L'intera operazione, condotta da una dozzina di soldati, durò un minuto buono.

Nel frattempo, la tensione era palpabile. Tutti, all'interno di quel cortile, erano ansiosi di osservare la delegazione del lontano oriente e di verificarne le intenzioni.
Nessuno parlava, e tutti tenevano lo sguardo fisso verso il portone di legno.

Si girò verso suo fratello. I lunghi capelli castani erano lasciati liberi, mentre gli occhi verdi scrutavano attentamente un punto indefinito di fronte a lui.
Gli era capitato più volte di vederlo in situazioni simili, così impettito nella sua armatura da parata. Ma quella volta percepì qualcosa di diverso. Un pizzico di ansia, forse.
Riportò lo sguardo verso il portone, assumendo anch'egli una posizione più formale. Dopotutto, lo stato d'animo del fratello era comprensibile. Non conoscevano ancora le reali intenzioni dell'Imperatrice, ma senza ombra di dubbio il Gran Duca Delinard avrebbe dovuto prostrarsi ai piedi della sovrana orientale, implorandola di non imporre termini troppo duri per la pace.
Il tutto era reso tramite eufemismi, ovviamente, ma la situazione sarebbe stata senza dubbio quella appena descritta, a grandi linee.
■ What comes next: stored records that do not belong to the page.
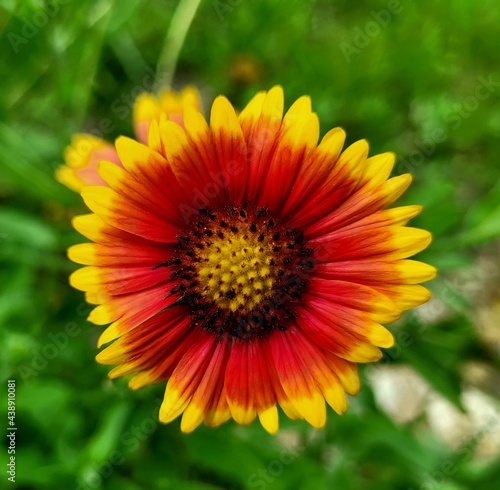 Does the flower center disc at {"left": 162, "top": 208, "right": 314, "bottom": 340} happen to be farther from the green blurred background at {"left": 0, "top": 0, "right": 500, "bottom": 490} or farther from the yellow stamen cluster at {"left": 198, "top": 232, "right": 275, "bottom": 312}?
the green blurred background at {"left": 0, "top": 0, "right": 500, "bottom": 490}

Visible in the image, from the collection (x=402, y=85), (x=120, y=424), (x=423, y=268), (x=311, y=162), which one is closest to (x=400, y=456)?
(x=120, y=424)

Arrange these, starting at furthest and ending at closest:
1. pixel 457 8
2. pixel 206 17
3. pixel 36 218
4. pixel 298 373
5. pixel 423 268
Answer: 1. pixel 206 17
2. pixel 457 8
3. pixel 36 218
4. pixel 298 373
5. pixel 423 268

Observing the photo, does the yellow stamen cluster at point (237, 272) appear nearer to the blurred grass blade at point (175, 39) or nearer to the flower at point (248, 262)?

Finalmente, il portone si aprì. I primi a fare il loro ingresso furono dei soldati in alta armatura, perfettamente schierati in formazione a quadrato. Marciavano a passo cadenzato dietro il portabandiera che esibiva lo stemma dell'Impero del tramonto, un sole d'oro in campo rosso, ma senza il bisogno di tamburi o flauti.Si bloccarono a pochi passi dalla sua posizione e, senza nemmeno un ufficiale ad urlare l'ordine, si separarono in due colonne al grido di "Kyahi", lasciando uno spazio al centro sufficientemente largo per poter passare.
I loro visi erano completamente coperti da particolari maschere variopinte, indossate sotto degli elmi anch'essi molto pregiati, sui quali erano fissati fregi in oro a forma di sole. Le corazze di chiara fattura orientale erano state verniciate completamente in rosso e oro.

Notò divertito Robert, al suo fianco, mentre gettava uno sguardo di sdegno ai suoi soldati in cotta di maglia e lancia alla mano, schierati in due file per tenere a distanza la folla.